4:27 PM, Jul 16, 2012
By DANIEL HALPER
The Weekly Standard:
President Obama's rhetoric would suggest that he's against Bain (both Bain Capital, the investment firm, and Bain Consulting, the consulting firm, as he makes little distinction between the two Bains where Mitt Romney worked in the past). But Obama's own hiring practice suggests something a little different: His own budget director is a Bain guy who married a Bain gal.
Jeff Zients is the head of the Obama administration's Office of Management and Budget. "Like Mitt Romney, the man who would unseat his boss, Mr. Zients (rhymes with science) got his professional start at Bain Consulting," the Wall Street Journal reports.

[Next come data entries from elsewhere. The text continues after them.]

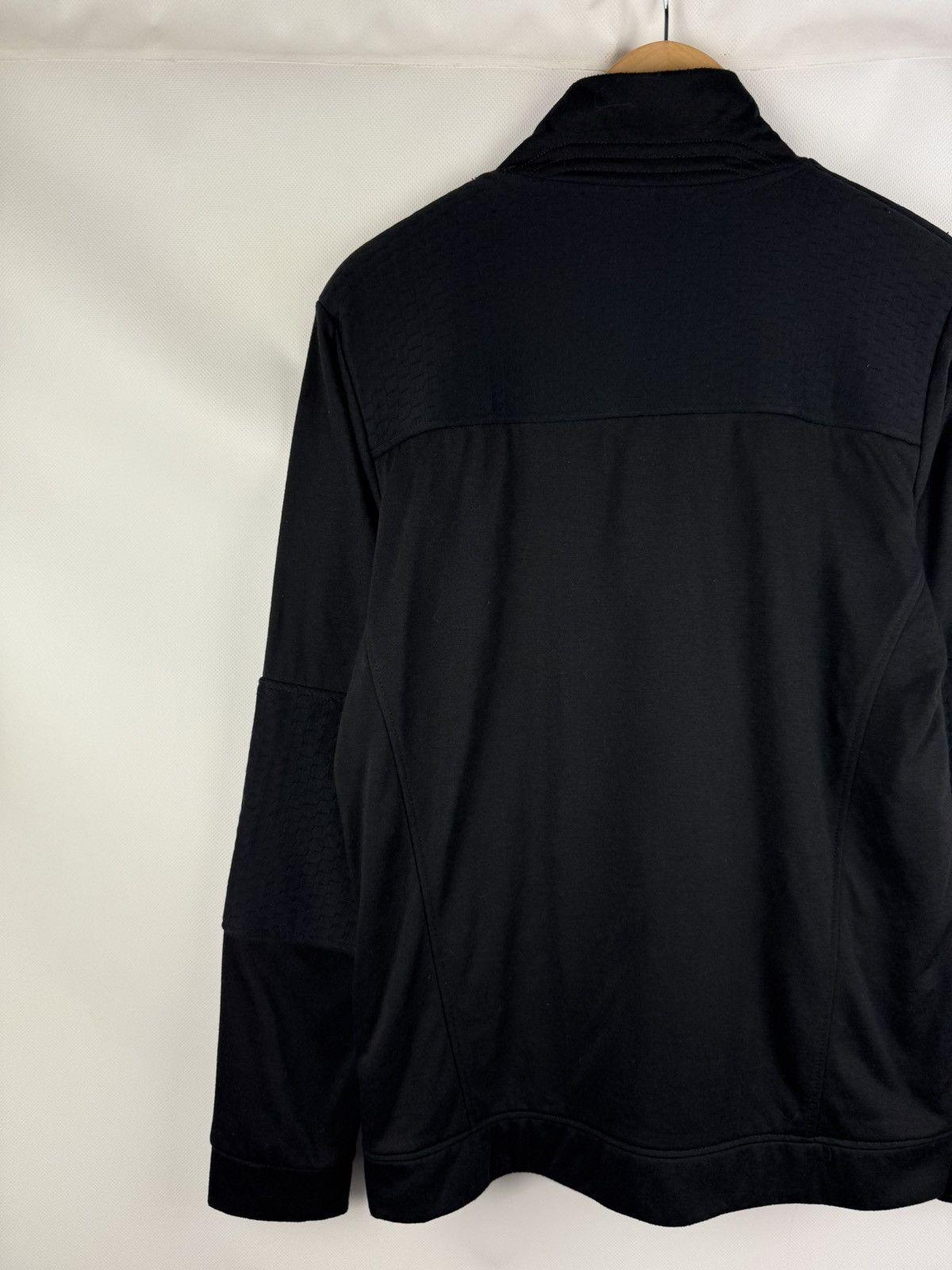 BMW BMW Motorrad Men’s Full Zip Cotton / Nylon Track Jacket Size US M / EU 48-50 / 2 - 13 Thumbnail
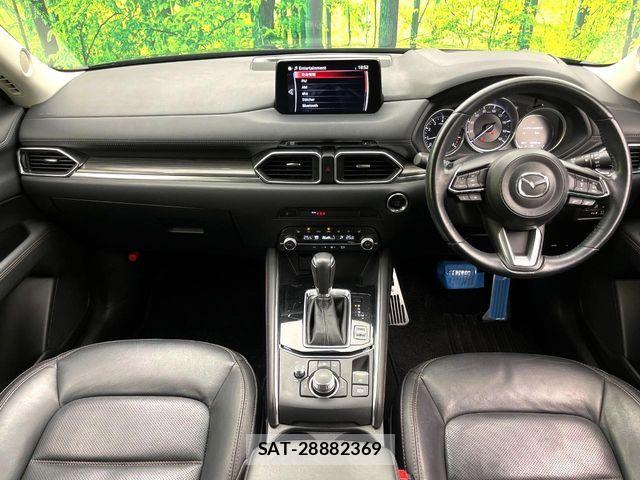 Mazda CX-5 2020-09 8870766-1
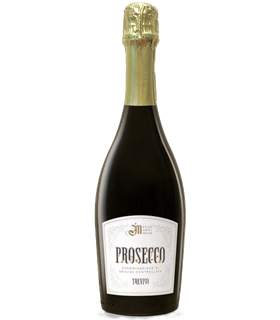 Colli Asolani di Bedin Enrico | Prosecco DOC Treviso Spumante Extra Dry 2025 (75 cl)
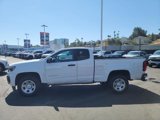 Used 2021 Chevrolet Colorado W/T w/ WT Convenience Package image 5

Zients has only praise, it would seem, for Bain:
After graduating in 1988, Mr. Zients started as a consultant at Bain & Co. in Boston, where he "fell in love with Bain's culture, teamwork…and analytical rigor," according to a Bain alumni newsletter. (He didn't work with Mr. Romney, who already had left to start Bain Capital.)
At Bain, Mr. Zients reported to Mary Menell, four years his senior, who became his wife, with whom he now has four children. They were married in Mrs. Zients's homeland of South Africa, with Nelson Mandela, her parents' friend, in attendance.
Mr. Zients left Bain to return to Washington and become an entrepreneur. He helped run Advisory Board Co., a research firm, and its spinoff, Corporate Executive Board, which together grew to more than 1,000 employees, and launched an initial public offering for each. In 2002, Fortune magazine named Mr. Zients in its list of the 40 richest Americans under 40. His net worth is conservatively estimated at around $200 million.
After Mr. Zients donated to 2008 Democratic presidential candidates Mr. Obama and Sen. Hillary Clinton, an unexpected door opened. Mr. Obama set up a new position, "chief performance officer," to cut bureaucracy, but the original nominee was forced to withdraw over a tax controversy. A fellow entrepreneur, Virginia Sen. Mark Warner, says he floated Mr. Zients's name.
And as the Journal explains, "[Zients] oversees the administration's budget content and message, which are central to the president's argument that he has a balanced plan for the economy while Republicans would rip the country's social fabric and undermine the education and infrastructure needed to succeed economically."